The issue is that wrong permissions were assigned when creating filters or dashboards in JIRA. By default, the visibility is set to “All users” and “Everyone,” respectively, the latter meaning that the filters and dashboards are shared publicly.

Additionally, a user picker functionality in JIRA provides with a complete list of every user’s username and email address, due to an authorization misconfiguration in the tool’s Global Permissions settings.

This wrong permission scheme exposes internal information such as account’s employees’ names and emails; employees’ roles through JIRA groups; and current projects, upcoming milestones through JIRA dashboards/filters.
“Anyone with the link can access them from anywhere and get hold of various sensitive information and because they are being indexed by all the search engines so anyone can easily find them with some simple search queries,” the security researcher explains.

Jain used Google search queries to find the links/URLs of the publicly exposed user picker functionality. One query would list all the URLs having “UserPickerBrowser” in their URI, another those with “Managefilters” in their URI, while a third would list all the URLs having “ConfigurePortalPages” in their URI.

The researcher also says that other companies would have JIRA URL in the format “company.atlassian.net.”

The misconfiguration, he notes, results in thousands of companies’ filters, dashboards and staff data being publicly exposed. The exposed data could provide attackers with access to information such as employee roles, employee names, email ids, upcoming milestones, secret projects, and features.

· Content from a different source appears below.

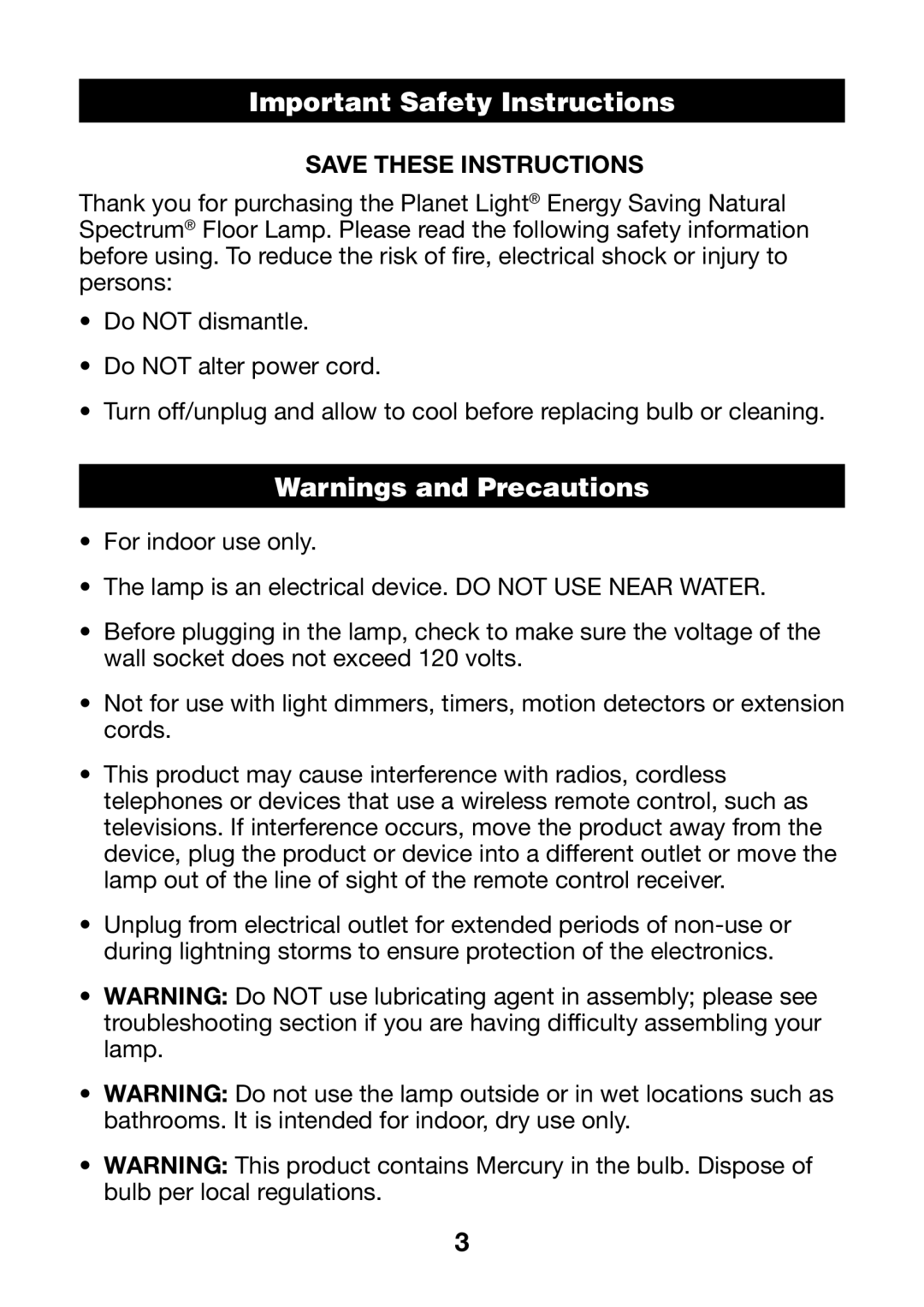 Verilux PL04 manual Important Safety Instructions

The researcher says he reported the issue to various companies, some of which decided to address it and even rewarded him. Others, on the other hand, did nothing.

The issue, he notes, could be addressed by more explicitly explaining what is meant by “Any logged-in user” (whether “any logged-in user of JIRA or just a logged-in user belonging to a specific JIRA company account) and by setting the visibility to “Private” by default.